1- It is the nature of the system we are trying to determine 2- It takes more than just being sufficiently rare to warrant a design inference wrt Intelligent Design and intelligent design. 3- And it ain't just protein synthesis. There is a requirement for several different proteins of varying quantities to work together 4- DNA does nothing by itself. It is just one component in a semiotic system 5- The Design Inference extends beyond biology- read "The Privileged Planet"- for example:
“The one place that has observers is the one place that also has perfect solar eclipses.”... “There is a final, even more bizarre twist. Because of Moon-induced tides, the Moon is gradually receding from Earth at 3.82 centimeters per year. In ten million years will seem noticeably smaller.

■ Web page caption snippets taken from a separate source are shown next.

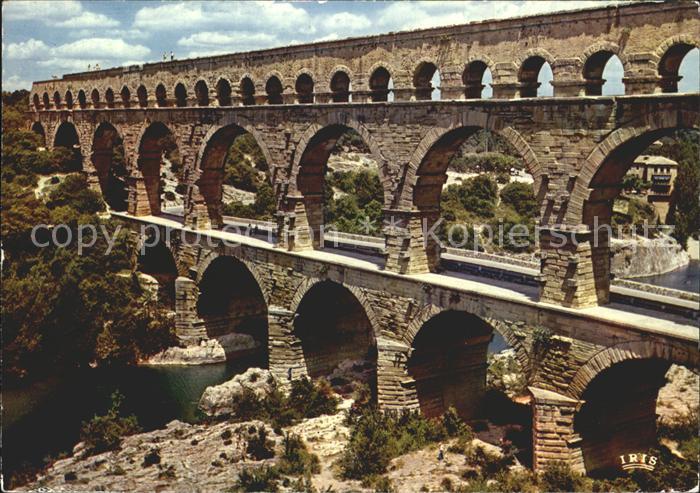 Vers-Pont-du-Gard Pont du Gard Aqueduc romain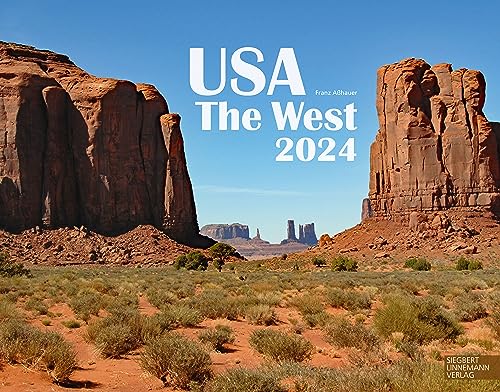 USA The West Kalender 2024 | Wandkalender USA The West/USA/Arizona/Kalifornien/Nevada im Großformat (58 x 45,5 cm) | Ein Kalender für Liebhaber des Westens: Großformat-Kalender 58 x 45,5 cm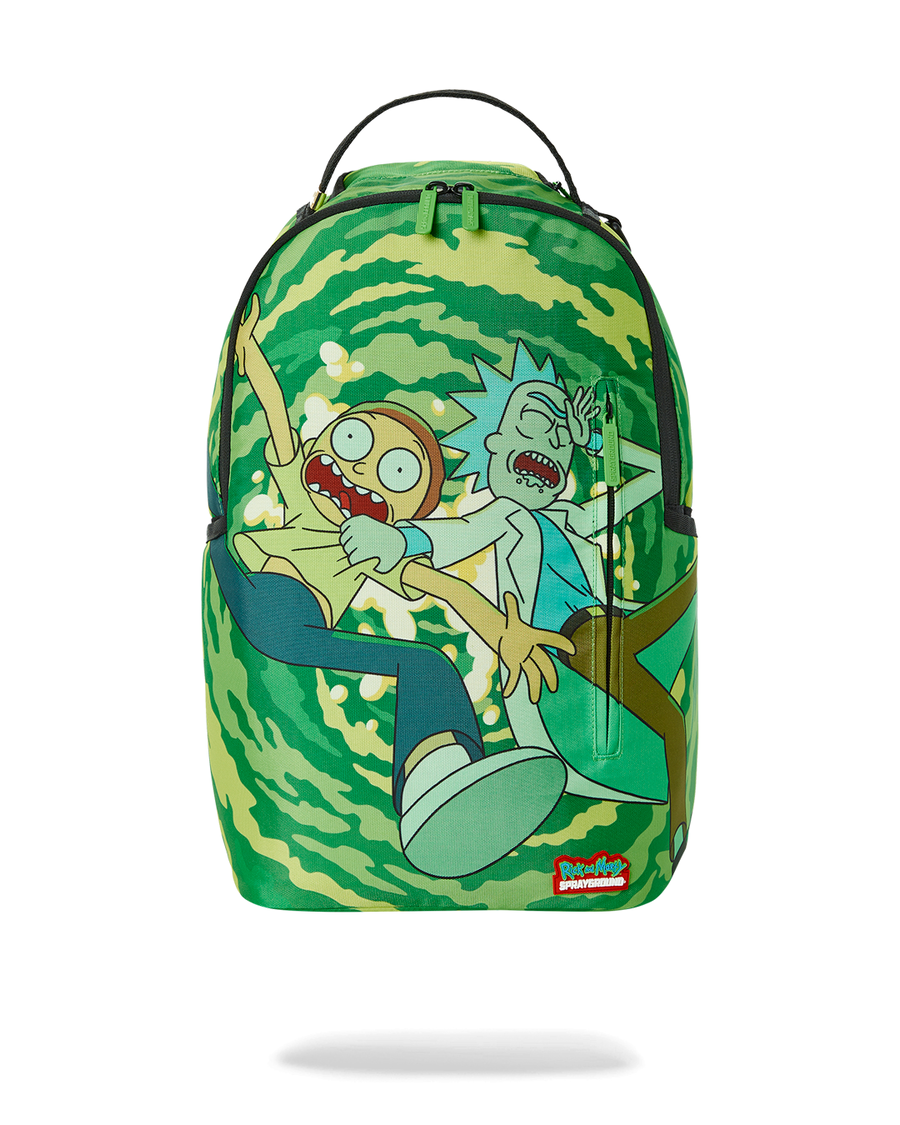 Sprayground RICK & MORTY PORTAL SHARK BACKPACK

At the same time, the Sun’s apparent girth has been swelling by six centimeters per year for ages, as is normal in stellar evolution. These two processes, working together, should end total solar eclipses in about 250 million years, a mere 5 percent of the age of the Earth. This relatively small window of opportunity also happens to coincide with the existence of intelligent life. Put another way, the most habitable place in the Solar System yields the best view of solar eclipses just when observers can best appreciate them.”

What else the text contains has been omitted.